Short text fragments from websites:
========

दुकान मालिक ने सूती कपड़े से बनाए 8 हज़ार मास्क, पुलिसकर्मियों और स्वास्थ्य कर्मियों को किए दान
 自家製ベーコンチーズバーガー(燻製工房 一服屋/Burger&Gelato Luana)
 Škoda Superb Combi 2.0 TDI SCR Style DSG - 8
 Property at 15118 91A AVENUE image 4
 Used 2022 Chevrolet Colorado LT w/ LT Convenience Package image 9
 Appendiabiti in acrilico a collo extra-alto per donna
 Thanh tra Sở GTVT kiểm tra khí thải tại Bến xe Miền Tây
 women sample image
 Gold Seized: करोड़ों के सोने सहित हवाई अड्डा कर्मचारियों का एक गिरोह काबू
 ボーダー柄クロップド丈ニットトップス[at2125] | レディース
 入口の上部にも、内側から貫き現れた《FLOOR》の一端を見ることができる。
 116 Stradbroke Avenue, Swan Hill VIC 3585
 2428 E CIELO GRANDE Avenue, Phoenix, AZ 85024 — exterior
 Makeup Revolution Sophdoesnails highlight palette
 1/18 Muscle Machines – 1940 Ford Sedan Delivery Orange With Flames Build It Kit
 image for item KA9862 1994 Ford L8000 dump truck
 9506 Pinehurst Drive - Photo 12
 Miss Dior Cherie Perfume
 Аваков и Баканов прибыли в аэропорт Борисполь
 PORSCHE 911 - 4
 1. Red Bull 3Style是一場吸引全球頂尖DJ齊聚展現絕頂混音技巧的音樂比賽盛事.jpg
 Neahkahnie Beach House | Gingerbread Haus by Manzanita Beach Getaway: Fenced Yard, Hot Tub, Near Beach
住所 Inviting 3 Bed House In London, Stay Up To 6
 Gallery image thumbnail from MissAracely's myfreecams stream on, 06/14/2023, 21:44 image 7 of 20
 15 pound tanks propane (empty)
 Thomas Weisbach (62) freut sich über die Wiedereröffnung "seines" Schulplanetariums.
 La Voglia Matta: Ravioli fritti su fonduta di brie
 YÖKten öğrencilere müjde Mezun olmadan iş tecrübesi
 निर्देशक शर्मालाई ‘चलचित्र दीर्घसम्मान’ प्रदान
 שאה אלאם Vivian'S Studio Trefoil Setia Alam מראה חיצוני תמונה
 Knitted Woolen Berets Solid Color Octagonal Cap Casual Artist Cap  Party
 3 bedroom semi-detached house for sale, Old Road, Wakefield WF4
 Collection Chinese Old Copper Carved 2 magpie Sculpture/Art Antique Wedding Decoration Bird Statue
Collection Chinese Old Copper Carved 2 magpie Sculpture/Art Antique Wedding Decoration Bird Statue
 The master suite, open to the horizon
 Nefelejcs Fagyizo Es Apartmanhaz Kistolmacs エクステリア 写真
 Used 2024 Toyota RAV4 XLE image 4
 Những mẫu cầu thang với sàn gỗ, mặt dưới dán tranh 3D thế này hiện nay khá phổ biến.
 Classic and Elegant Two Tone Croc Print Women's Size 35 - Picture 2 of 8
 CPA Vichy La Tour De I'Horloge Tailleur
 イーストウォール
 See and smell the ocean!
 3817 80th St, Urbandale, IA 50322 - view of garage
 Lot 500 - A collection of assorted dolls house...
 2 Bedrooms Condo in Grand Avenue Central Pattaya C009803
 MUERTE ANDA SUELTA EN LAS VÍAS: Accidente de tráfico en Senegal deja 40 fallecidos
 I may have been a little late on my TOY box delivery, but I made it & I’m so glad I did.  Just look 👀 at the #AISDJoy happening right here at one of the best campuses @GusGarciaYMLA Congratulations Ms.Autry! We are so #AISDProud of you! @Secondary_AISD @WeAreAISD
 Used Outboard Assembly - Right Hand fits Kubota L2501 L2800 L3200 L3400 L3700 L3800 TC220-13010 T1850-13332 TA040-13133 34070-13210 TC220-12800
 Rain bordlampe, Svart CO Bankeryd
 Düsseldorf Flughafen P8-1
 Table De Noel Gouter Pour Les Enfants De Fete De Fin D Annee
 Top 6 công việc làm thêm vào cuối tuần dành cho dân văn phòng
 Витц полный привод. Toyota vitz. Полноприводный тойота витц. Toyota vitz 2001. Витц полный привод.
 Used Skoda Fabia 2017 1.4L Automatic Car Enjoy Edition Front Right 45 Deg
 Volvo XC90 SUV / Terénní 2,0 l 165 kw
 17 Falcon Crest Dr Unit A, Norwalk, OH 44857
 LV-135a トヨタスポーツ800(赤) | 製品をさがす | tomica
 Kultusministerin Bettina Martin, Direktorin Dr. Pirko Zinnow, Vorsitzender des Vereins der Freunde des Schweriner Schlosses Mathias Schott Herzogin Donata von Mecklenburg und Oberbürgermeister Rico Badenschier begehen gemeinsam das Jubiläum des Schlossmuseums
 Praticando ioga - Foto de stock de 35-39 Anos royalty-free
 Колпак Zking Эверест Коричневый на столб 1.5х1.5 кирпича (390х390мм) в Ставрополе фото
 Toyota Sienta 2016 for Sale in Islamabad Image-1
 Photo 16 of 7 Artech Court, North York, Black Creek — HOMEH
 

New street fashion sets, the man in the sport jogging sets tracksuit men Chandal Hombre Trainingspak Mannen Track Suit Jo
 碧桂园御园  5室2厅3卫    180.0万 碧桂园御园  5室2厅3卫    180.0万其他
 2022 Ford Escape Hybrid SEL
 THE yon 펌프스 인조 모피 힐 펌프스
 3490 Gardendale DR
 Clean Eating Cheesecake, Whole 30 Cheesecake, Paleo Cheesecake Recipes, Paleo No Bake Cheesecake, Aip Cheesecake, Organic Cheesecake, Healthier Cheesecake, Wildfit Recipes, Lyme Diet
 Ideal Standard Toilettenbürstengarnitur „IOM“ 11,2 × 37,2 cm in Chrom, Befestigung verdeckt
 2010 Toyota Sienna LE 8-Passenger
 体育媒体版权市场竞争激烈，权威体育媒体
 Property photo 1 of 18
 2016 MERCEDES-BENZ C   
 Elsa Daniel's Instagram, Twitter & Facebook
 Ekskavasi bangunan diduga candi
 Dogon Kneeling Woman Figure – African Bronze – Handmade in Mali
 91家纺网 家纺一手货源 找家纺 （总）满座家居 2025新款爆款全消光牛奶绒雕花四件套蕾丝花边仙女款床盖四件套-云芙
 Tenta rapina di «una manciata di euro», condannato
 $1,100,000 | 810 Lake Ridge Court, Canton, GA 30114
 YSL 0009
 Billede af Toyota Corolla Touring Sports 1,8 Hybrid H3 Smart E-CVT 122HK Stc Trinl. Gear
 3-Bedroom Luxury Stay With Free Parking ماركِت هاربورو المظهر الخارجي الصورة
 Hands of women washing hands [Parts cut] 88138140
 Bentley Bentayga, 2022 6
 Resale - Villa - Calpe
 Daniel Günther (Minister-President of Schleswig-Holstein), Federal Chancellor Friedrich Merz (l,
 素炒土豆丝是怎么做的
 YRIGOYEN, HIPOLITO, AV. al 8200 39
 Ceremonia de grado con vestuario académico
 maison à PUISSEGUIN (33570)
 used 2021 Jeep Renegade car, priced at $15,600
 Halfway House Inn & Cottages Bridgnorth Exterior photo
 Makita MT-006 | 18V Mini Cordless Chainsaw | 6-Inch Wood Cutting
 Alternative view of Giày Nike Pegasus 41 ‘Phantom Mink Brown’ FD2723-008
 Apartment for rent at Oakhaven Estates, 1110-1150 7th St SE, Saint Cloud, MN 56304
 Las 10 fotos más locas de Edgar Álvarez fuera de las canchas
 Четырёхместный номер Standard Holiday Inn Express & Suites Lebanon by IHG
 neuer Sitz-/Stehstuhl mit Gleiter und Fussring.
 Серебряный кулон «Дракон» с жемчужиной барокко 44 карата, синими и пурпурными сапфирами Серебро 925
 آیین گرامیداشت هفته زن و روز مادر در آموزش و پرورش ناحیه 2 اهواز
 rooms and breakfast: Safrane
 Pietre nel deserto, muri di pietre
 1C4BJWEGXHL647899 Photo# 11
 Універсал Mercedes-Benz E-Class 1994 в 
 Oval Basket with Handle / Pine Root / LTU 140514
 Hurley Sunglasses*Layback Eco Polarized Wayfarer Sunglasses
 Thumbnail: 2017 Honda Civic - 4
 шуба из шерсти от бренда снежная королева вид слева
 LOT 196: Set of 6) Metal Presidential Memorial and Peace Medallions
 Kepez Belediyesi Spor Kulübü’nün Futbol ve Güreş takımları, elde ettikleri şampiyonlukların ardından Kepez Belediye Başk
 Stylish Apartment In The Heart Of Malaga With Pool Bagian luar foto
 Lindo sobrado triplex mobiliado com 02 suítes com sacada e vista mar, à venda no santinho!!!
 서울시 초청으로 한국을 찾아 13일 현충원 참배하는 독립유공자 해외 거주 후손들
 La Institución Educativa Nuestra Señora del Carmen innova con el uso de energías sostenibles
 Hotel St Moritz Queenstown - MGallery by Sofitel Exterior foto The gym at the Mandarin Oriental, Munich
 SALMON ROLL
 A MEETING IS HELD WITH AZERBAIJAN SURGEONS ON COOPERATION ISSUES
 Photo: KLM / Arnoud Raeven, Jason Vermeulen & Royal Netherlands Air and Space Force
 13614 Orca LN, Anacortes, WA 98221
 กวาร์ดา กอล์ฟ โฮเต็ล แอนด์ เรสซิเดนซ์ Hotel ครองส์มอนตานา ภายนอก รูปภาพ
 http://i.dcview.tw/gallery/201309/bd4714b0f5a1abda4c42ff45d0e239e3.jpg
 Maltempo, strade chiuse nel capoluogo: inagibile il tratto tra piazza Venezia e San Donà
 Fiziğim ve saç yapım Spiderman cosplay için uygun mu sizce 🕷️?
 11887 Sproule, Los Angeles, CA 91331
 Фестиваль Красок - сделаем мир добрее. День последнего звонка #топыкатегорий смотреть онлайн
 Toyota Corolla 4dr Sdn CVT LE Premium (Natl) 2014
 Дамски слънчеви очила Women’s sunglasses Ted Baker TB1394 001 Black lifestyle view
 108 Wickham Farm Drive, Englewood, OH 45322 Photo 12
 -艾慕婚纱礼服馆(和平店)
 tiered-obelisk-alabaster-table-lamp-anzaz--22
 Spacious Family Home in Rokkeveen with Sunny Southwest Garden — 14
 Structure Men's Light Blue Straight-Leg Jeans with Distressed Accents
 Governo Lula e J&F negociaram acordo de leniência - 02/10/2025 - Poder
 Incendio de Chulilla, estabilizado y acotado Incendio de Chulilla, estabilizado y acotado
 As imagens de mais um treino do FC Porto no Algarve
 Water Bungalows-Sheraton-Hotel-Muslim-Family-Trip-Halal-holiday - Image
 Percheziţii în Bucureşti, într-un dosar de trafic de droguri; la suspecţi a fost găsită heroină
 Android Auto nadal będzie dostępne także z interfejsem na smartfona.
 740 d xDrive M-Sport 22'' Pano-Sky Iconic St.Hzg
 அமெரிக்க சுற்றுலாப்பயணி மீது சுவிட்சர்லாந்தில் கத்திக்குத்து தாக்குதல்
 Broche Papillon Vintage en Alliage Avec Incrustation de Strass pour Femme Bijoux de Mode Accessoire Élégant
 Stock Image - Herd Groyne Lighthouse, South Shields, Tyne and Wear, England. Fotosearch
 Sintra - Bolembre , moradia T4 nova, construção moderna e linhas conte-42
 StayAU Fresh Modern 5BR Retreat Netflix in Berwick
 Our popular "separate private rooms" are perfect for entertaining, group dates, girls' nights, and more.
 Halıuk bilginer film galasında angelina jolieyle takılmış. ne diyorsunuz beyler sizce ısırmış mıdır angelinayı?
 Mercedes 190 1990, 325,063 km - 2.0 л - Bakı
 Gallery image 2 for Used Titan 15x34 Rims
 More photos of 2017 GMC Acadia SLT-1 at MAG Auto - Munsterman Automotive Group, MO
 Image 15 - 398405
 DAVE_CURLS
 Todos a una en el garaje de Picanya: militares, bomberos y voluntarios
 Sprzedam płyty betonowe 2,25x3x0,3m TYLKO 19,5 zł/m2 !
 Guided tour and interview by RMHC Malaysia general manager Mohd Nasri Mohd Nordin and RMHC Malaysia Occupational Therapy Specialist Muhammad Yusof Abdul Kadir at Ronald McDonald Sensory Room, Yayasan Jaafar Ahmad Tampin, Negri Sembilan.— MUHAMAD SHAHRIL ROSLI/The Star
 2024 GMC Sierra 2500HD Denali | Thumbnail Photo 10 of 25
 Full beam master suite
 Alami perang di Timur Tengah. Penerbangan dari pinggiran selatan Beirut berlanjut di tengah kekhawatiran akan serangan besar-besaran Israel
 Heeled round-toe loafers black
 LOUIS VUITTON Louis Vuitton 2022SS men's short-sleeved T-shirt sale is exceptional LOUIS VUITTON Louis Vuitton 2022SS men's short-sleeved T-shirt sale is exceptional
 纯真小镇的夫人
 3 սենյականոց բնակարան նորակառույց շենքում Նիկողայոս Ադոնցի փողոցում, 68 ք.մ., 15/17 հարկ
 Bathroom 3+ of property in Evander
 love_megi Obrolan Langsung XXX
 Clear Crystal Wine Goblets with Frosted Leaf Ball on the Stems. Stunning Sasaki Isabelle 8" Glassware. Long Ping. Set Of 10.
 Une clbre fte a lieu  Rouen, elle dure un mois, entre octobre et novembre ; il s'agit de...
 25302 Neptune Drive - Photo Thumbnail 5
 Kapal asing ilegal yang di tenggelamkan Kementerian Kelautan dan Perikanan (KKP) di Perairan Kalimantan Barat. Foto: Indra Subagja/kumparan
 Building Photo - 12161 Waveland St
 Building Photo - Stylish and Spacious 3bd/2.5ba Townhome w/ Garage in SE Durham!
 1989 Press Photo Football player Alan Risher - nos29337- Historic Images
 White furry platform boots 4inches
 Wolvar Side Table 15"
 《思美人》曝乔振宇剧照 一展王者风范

========

*GOAL OF THE EXERCISE*
Once you find the line with "Daniel Günther (Minister-President" above, print it and every line after it up to and including the line with "LOT 196: Set", exactly as written and nothing else.

*ANSWER TO THIS EXERCISE*
 Daniel Günther (Minister-President of Schleswig-Holstein), Federal Chancellor Friedrich Merz (l,
 素炒土豆丝是怎么做的
 YRIGOYEN, HIPOLITO, AV. al 8200 39
 Ceremonia de grado con vestuario académico
 maison à PUISSEGUIN (33570)
 used 2021 Jeep Renegade car, priced at $15,600
 Halfway House Inn & Cottages Bridgnorth Exterior photo
 Makita MT-006 | 18V Mini Cordless Chainsaw | 6-Inch Wood Cutting
 Alternative view of Giày Nike Pegasus 41 ‘Phantom Mink Brown’ FD2723-008
 Apartment for rent at Oakhaven Estates, 1110-1150 7th St SE, Saint Cloud, MN 56304
 Las 10 fotos más locas de Edgar Álvarez fuera de las canchas
 Четырёхместный номер Standard Holiday Inn Express & Suites Lebanon by IHG
 neuer Sitz-/Stehstuhl mit Gleiter und Fussring.
 Серебряный кулон «Дракон» с жемчужиной барокко 44 карата, синими и пурпурными сапфирами Серебро 925
 آیین گرامیداشت هفته زن و روز مادر در آموزش و پرورش ناحیه 2 اهواز
 rooms and breakfast: Safrane
 Pietre nel deserto, muri di pietre
 1C4BJWEGXHL647899 Photo# 11
 Універсал Mercedes-Benz E-Class 1994 в 
 Oval Basket with Handle / Pine Root / LTU 140514
 Hurley Sunglasses*Layback Eco Polarized Wayfarer Sunglasses
 Thumbnail: 2017 Honda Civic - 4
 шуба из шерсти от бренда снежная королева вид слева
 LOT 196: Set of 6) Metal Presidential Memorial and Peace Medallions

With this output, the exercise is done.